Mitigation of these effects is a meaningless exercise. While money can bring a simple write off of homes with replacement addresses, and castle walls can shelter those of us within a stone’s throw of the track, how will the noise that injures folks’ health and forfeits their quality of life a half-mile to the West be mitigated? How will the compromise of Mercer Slough’s historic focus be explained, and what will you say to the post Eastlink generation about the sellout of the greater downtown neighborhood and its loss of unique community? Or do you choose to ignore these local issues outright?
The only effective mitigation is to utilize the existing regional transportation corridor.
But leaving the perceived NIMBY issues aside, in the larger context, multi-modal transportation goals do not depend on use of the existing South Bellevue Park and Ride (and it’s link to 112th SE). Crossing Mercer Slough at I-90 where existing track right of way can connect to further north and south destinations as well as enable future eastern access, provides a host of goal oriented design opportunities with vision instead of expediency.
While ridership, cost and timeline are indeed prime parameters for producing an Eastlink line, maintaining and perpetuating the Bellevue vision with efficient transportation for the Eastside community is the overriding goal. Eastlink is a 50-100 year regional transportation system product. You must ask yourselves, what route through Bellevue will best promote that product? And won’t stations connected to I-90 and I-405 reveal the optimum link to a true multi-modal regional transportation system?

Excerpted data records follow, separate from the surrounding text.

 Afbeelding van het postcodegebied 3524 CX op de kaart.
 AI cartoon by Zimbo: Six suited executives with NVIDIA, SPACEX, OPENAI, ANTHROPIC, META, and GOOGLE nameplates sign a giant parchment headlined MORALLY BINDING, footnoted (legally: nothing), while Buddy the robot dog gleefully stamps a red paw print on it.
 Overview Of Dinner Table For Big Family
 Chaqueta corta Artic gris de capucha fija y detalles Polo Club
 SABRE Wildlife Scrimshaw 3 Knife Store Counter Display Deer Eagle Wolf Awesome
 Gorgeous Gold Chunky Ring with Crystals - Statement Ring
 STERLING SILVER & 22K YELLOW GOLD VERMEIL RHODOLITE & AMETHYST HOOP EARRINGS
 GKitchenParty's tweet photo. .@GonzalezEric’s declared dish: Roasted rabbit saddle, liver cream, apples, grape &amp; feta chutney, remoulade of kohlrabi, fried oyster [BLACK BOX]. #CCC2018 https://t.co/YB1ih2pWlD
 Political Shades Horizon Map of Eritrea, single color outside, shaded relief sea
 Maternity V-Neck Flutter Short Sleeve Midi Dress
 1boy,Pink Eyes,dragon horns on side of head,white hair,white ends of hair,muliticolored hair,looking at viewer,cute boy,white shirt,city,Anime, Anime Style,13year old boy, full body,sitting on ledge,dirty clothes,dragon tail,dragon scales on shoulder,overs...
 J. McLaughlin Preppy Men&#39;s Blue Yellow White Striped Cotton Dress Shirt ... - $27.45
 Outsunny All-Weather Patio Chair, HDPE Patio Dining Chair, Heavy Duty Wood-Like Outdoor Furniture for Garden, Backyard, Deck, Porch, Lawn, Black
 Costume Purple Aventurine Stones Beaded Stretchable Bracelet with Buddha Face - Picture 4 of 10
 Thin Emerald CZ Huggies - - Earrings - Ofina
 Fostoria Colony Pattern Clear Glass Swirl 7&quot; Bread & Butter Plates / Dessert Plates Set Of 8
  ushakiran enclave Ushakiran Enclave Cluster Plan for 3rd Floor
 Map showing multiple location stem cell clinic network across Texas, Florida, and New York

Yes, light rail is not appropriate for Bellevue Way/112th SE for several reasons, but the most meaningful reason is that a practicable alternative may exist.
While the state indeed gave Sound Transit the authority to break the rules, Bellevue indeed does not have to accept this disrespect of our city shown by the current Bellevue Way/112th SE scheme. The inability and unwillingness of Sound Transit to engineer a transportation product that serves our city as well as the region is a glaring violation of public trust. They must take the time and spend my tax dollars as necessary, to honor the greater goal. A quick and dirty system is not what we voted for.